Brain disease studies based on experiments using genome-wide measurements with microarrays are traditionally challenging as compared to other disease areas. The biological results are often hindered by statistical issues of small sample sizes, small effect sizes, and patient-to-patient variability [
1-
3]. Also, clinical information for patients is typically sparse, such that unknown clinical covariates can either confound or confuse many of the gene expression patterns and trends, as opposed to the primary disease. Corrections using such clinical information can greatly improve inference in determining markers for disease, as well as elucidating patterns within the disease.

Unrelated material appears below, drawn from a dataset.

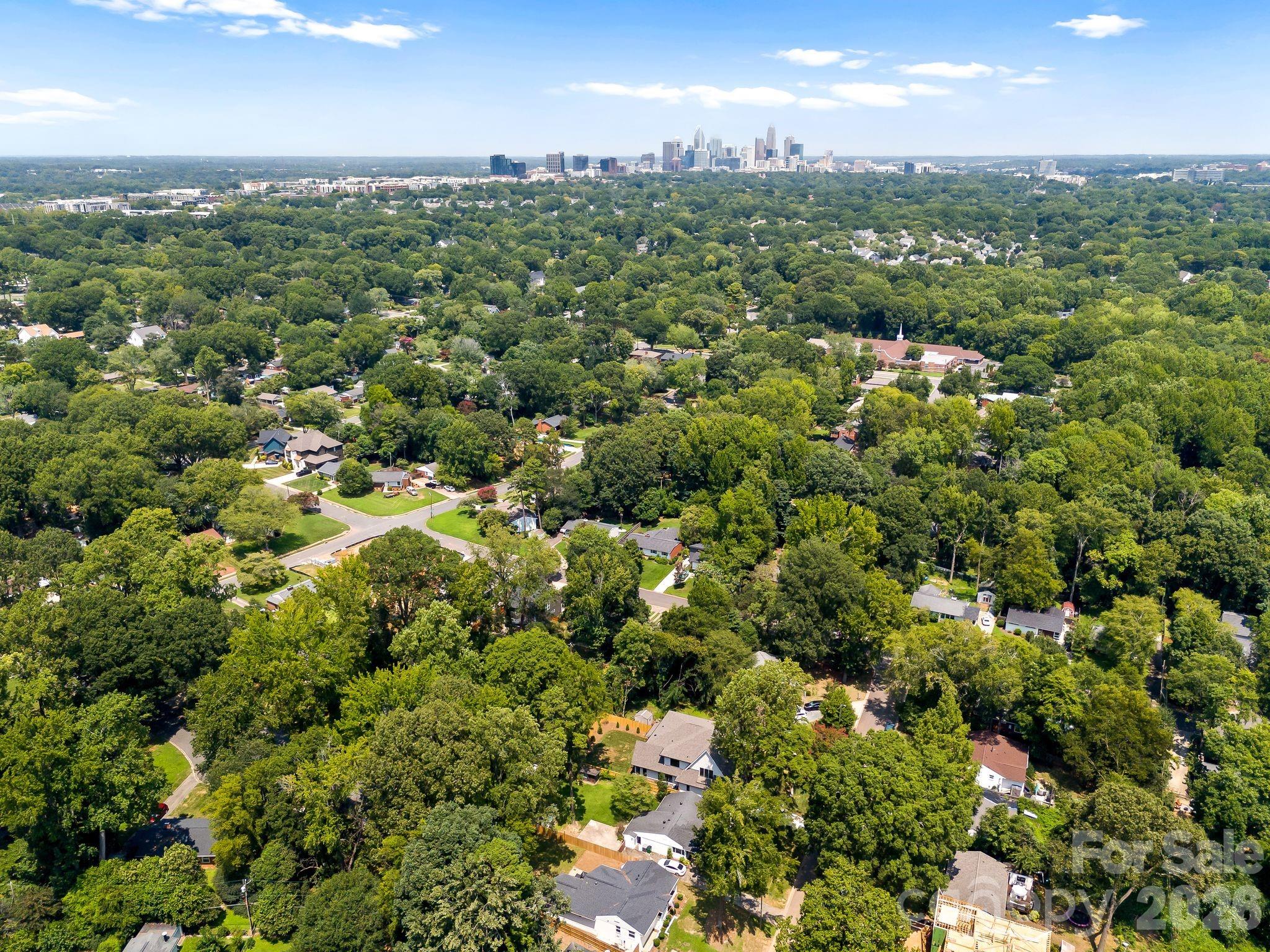 815 Manhasset Road — Charlotte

Technical problems in microarray data can also affect the analyses. Meaningful results are often limited by array platform-to-platform comparisons and overall organization/presentation of large data sets/results. Studies conducted on disparate platforms are inherently more difficult to analyze than those conducted on the same platform [
4]. Cross-platform comparisons present analysis challenges due to differences in scaling and sensitivity (to name a few) which introduce inconsistencies in reproducibility [
5-
8]. Large data sets and comprehensive results summaries present another challenge that requires good organization of both analytical and bioinformatics information (e.g. expression profiles, gene summary information, pathway diagrams, fold change value comparisons, etc.) into a user-friendly format to facilitate efficient data mining. A relational web-based tool that logically combines all of these factors can enhance researchers' ability to determine the underlying genomic patterns in brain disease.
The SMRIDB is an online data warehouse and analytical system designed to aid researchers in understanding the biological associations both between and within the brain disorders of schizophrenia, bipolar, and major depression. This open source database combines genomic patterns of brain disease with patient clinical metadata into a user-friendly query interface to enable efficient data mining for purposes of biomarker discovery and elucidating biological mechanisms of brain disease. The metadata includes a full summary of clinical history for each patient with hyperlinks to disease-level information, such that demographic- and lifestyle-associated effects can be determined as they relate to brain disorders. The genomic data has been compiled from 12 separate labs (identified as studies), each data set generated from brain tissue isolated from two controlled populations of 165 patients, diagnosed with one of the three brain disorders (plus unaffected control brain tissue). This genomic data has been generated across 6 separate human array platforms (Affymetrix: hgu133a, hgu133plus, hgu95av2, Agilent, Codelink, and cDNA custom array) providing patterns/trends and analytical inferences that are not limited by platform dependencies.